Photo via Riot Games

For years, competitive League of Legends has revolved around five major regions. You have the Koreans at the top being chased—and this year being caught—by China. LCS teams from North America and Europe are a notable step down, though the gap may be closing.

And then there’s the LMS. We call them a major region because they’ve had good performances at international events. But when you think of the LMS, it’s really just one team: Flash Wolves. For years, Flash Wolves carried the immense burden of an entire region’s hopes on their shoulders. But now, all that might be over. Their core players are considering offers elsewhere, and it seems like it’s the end of an era for the LMS.

So how exactly should we remember the Flash Wolves? As a team who carried their region with pride, or a team that couldn’t quite break through when it mattered? As it usually is with this team, the answer lies somewhere in between.

We’ll alway have Paris

Photo via Riot Games

Hope sprang eternal when the Flash Wolves first made Worlds in 2015. Worlds was in Europe that year, and in the group stage in Paris, Flash Wolves made their first mark on the international stage. Behind star performances from jungler Hung “Karsa” Hua-hsuan and Tian “Maple” Ye, Flash Wolves took first place in their group.

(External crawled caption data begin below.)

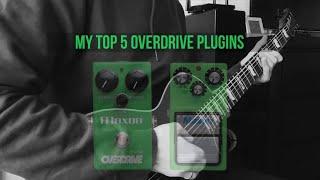 My TOP 5 Overdrive Plugins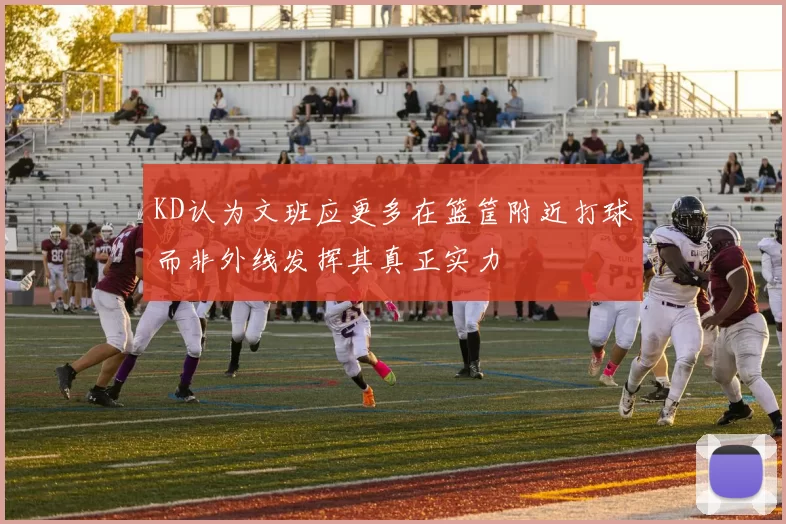 KD认为文班应更多在篮筐附近打球而非外线发挥其真正实力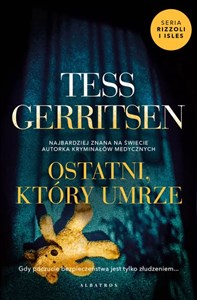 Obrazek Ostatni,który umrze Cykl Rizzoli / Isles Tom 10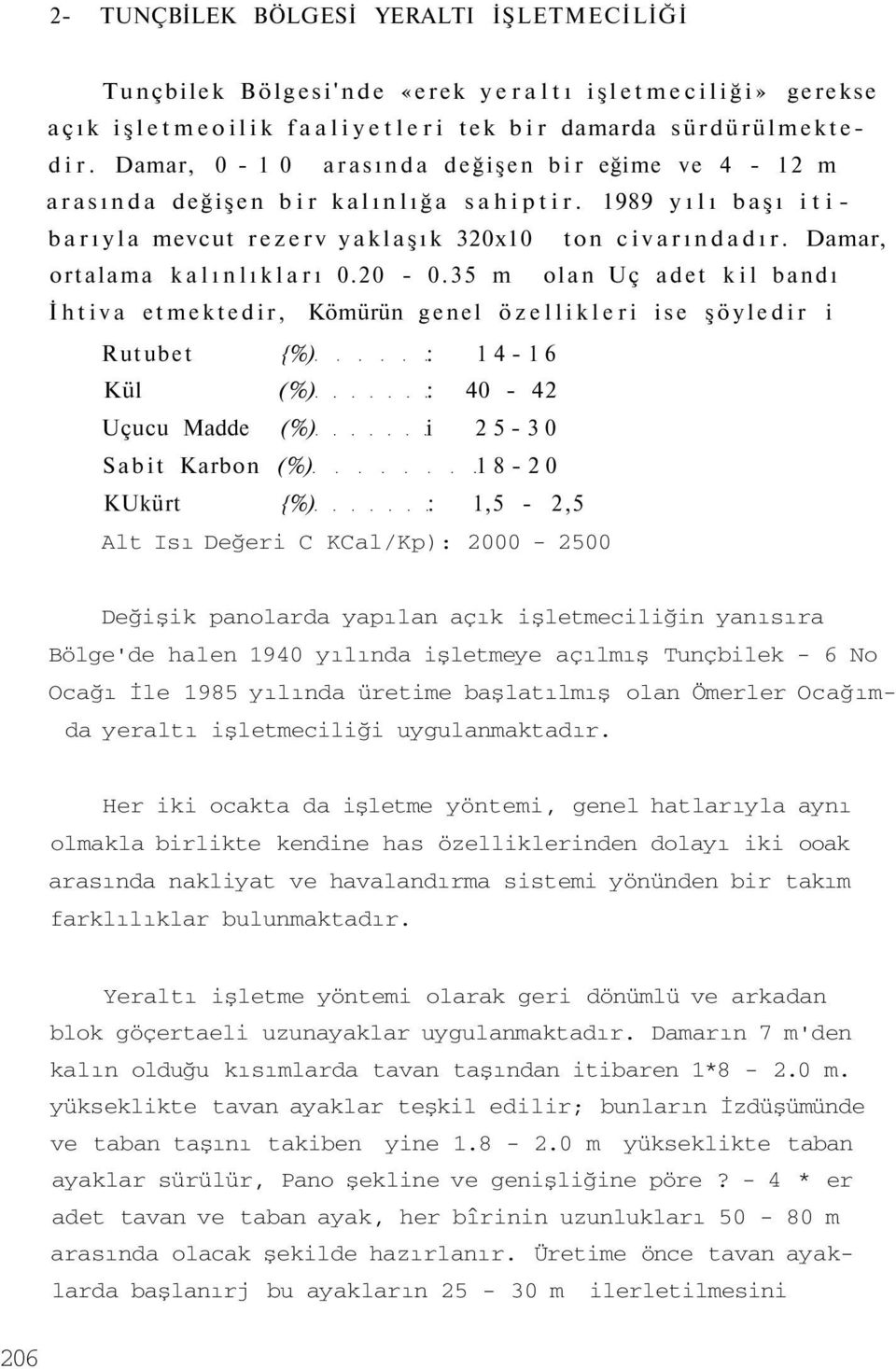 20-0.35 m olan Uç adet kil bandı İhtiva etmektedir, Kömürün genel özellikleri ise şöyledir i Rutubet {%) : 14-16 Kül (%) : 40-42 Uçucu Madde (%) i 25-30 Sabit Karbon (%) 18-20 KUkürt {%) : 1,5-2,5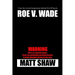 Roe V. Wade: An Extreme Horror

Related: The odyssey of Maple and Karsa

This began a three-year journey of Karsa and Maple carrying the team further than they should have gone. With no pressure in the side lanes and inferior reads on the meta, Flash Wolves never could contend for championships. Every now and again they’d pop off, but then they’d always fall down to Earth. Every time they punched above their weight class, like when they upset defending champs SK Telecom T1, they’d lose twice to inferior foes from other regions.

It’s ironic that 2015, the first year they made Worlds together, was the best year they had. They couldn’t even get out of the group stage the next two years, ending in last place each time. Holding onto Paris could only get them so far. Something had to change.

Holding on too long

The first domino to fall was when Karsa left for a big contact in China last offseason. For years, Flash Wolves’ strategy hinged around Karsa’s aggressive early jungling and ability to control mid vision with Maple. They’d invade and gank from creative angles.

For a while, it looked like they could survive the loss of the star jungler. Maple and support Hu “SwordArt” Shuo-chieh—one of the very best in the world at his position—played exceptionally well. They won the LMS again and went to MSI to face off against Karsa.

For a few days, they looked like gangbusters. They beat RNG and took control of the tournament. But this wasn’t the first time that had happened. They’d done well in the first few games at MSI before. But after RNG adjusted—and subbed Karsa in—that was it for Flash Wolves.

For years, Flash Wolves have held on too long to their read of the meta and the way they were supposed to be. And that’s the problem with being the best team in the region: They didn’t learn enough from the other teams. Other teams like ahq and MAD Team didn’t have the ability to press Flash Wolves, to push them out of their comfort zone. That’s why you had Flash Wolves playing bot lane Mordekaiser at Worlds last month into an unwinnable matchup in an elimination game.

That sort of stuff worked in Taiwan, but they couldn’t adapt to playing at Worlds.

What it all means

Photo via Riot Games

WIthout a doubt, Flash Wolves have proven themselves to be one of the top teams in the world over the last few years. But when they had to play teams consistently at their level, they just couldn’t keep up. It’s ironic that, in the year teams like Cloud9 and G2 pulled off huge upsets by doggedly playing their style, Flash Wolves’ own obstinance is what doomed them.

On the other hand, there has never been a second team from the LMS that has shown any flashes at the international level. And the LMS region isn’t big on importing stars from Korea, like many LCS teams do. Put it all together, and it’s kind of amazing that Flash Wolves have as good of a record as they do.

And that’s how we should remember the Flash Wolves: A team that built around its core and didn’t give up despite facing long odds every time they set foot on foreign soil. They probably held on too long, but by doing so, they gave millions of Taiwanese fans something to cheer for. That may not mean much to fans from other regions, but it should be enough for them.